WORK REQUIRED:
Reproduce the listing below exactly, beginning with its first line and ending with the line that holds "Dallas Cowboys running"; pictures are not part of the copy.

MATERIAL PROVIDED:
--- --- ---

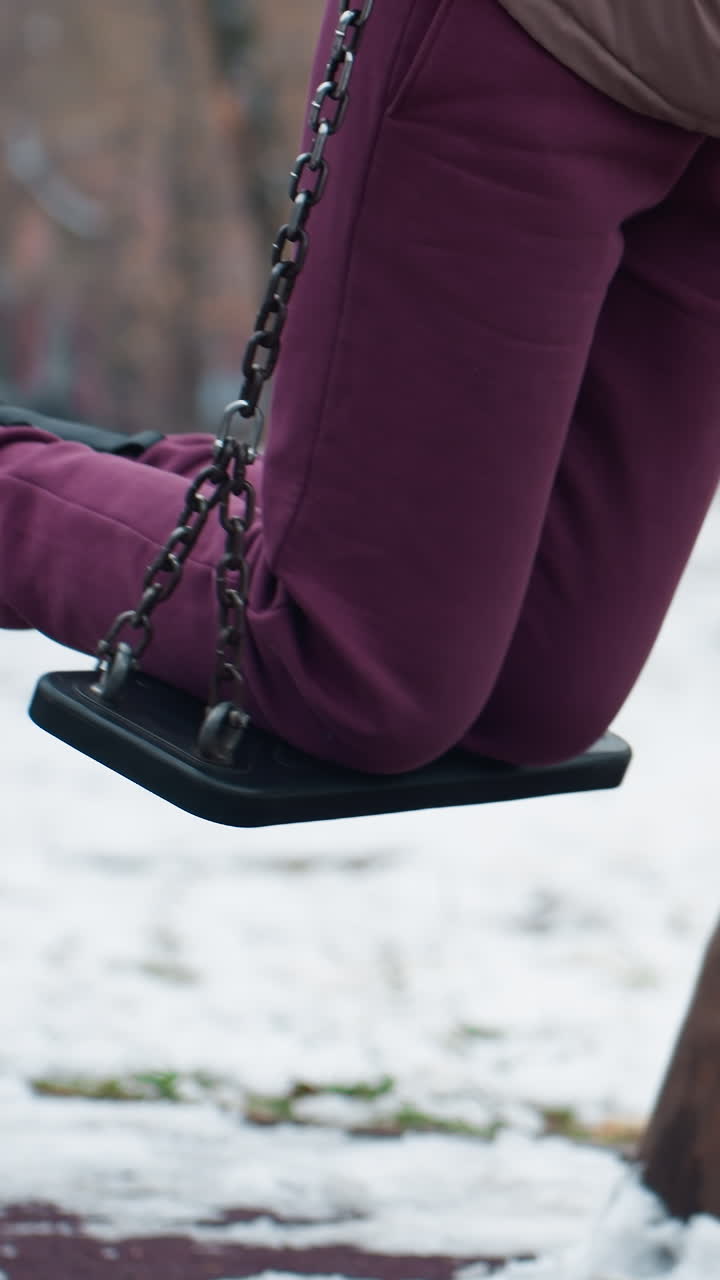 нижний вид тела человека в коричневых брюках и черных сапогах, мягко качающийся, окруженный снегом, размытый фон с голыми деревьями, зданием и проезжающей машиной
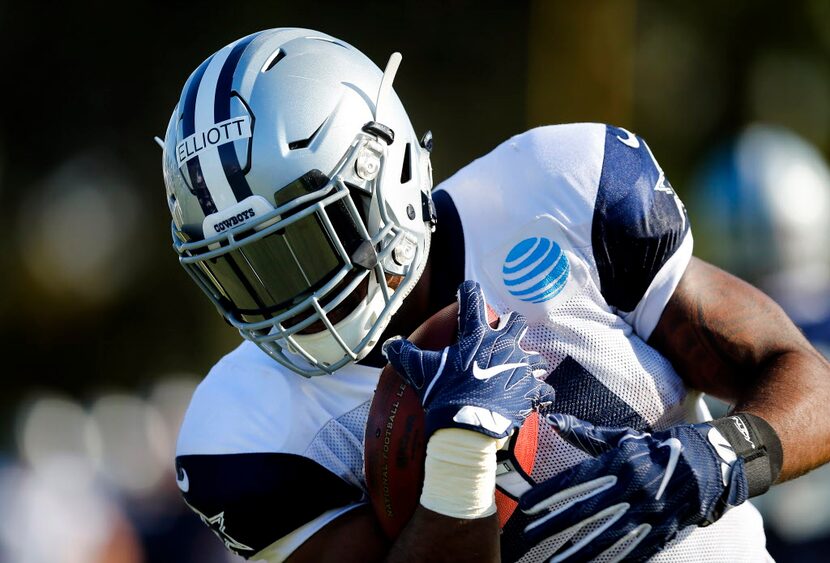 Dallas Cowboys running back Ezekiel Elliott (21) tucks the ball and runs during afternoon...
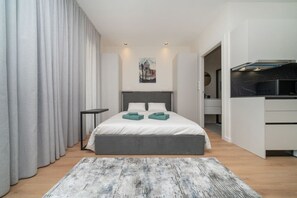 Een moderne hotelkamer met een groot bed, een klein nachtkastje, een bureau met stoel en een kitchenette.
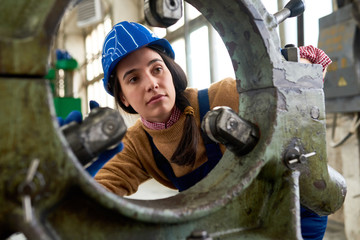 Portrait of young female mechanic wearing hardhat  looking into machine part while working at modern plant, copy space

--- --- ---

YOUR RESPONSE:
 нижний вид тела человека в коричневых брюках и черных сапогах, мягко качающийся, окруженный снегом, размытый фон с голыми деревьями, зданием и проезжающей машиной
 Dallas Cowboys running back Ezekiel Elliott (21) tucks the ball and runs during afternoon...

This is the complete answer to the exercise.